** Opening Exercise inputs block **
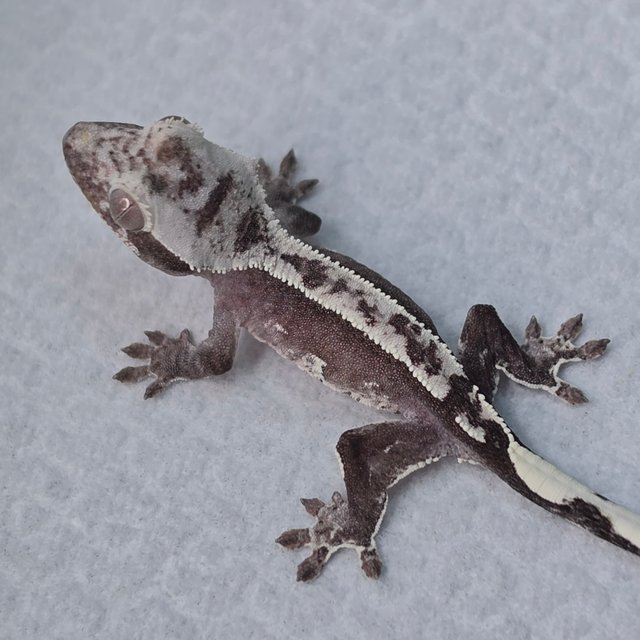 Axanthic
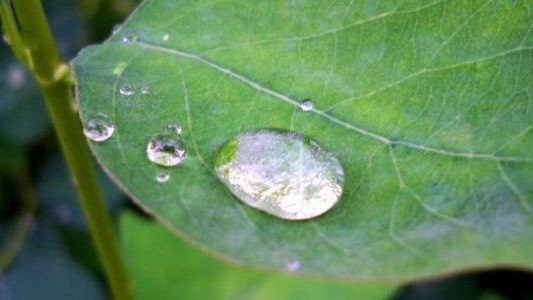 Prognoza pogody na sobotę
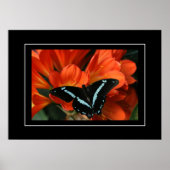 Poster Papillon/Fleurs (Devant)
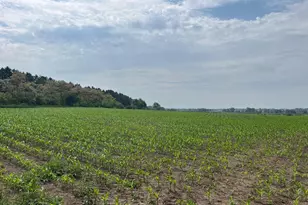 4923 Meek Rd, Arlington, WI 53911 - Photo 15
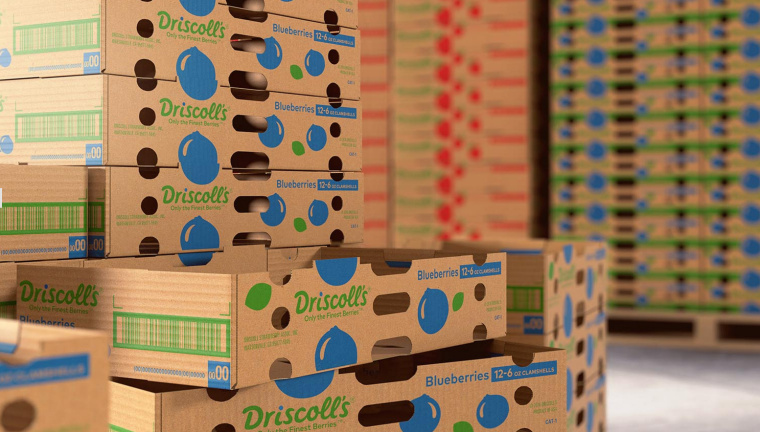 Driscoll''''s 漿果草莓藍莓樹莓黑莓農產品瓦能紙外箱包裝設計-上海包裝設計公司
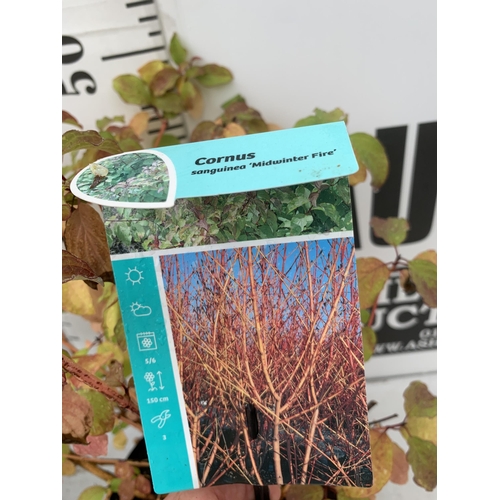 85 - TWO CORNUS SANGUINEA 'MIDWINTER FIRE' IN 4 LTR POTS APPROX 50CM IN HEIGHT PLUS VAT TO BE SOLD FOR TH...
** Closing Exercise inputs block **
■ Task brief
The full listing above, duplicated exactly and without its pictures, is the answer.

■ Result of this exercise
 Axanthic
 Prognoza pogody na sobotę
 Poster Papillon/Fleurs (Devant)
 4923 Meek Rd, Arlington, WI 53911 - Photo 15
 Driscoll''''s 漿果草莓藍莓樹莓黑莓農產品瓦能紙外箱包裝設計-上海包裝設計公司
 85 - TWO CORNUS SANGUINEA 'MIDWINTER FIRE' IN 4 LTR POTS APPROX 50CM IN HEIGHT PLUS VAT TO BE SOLD FOR TH...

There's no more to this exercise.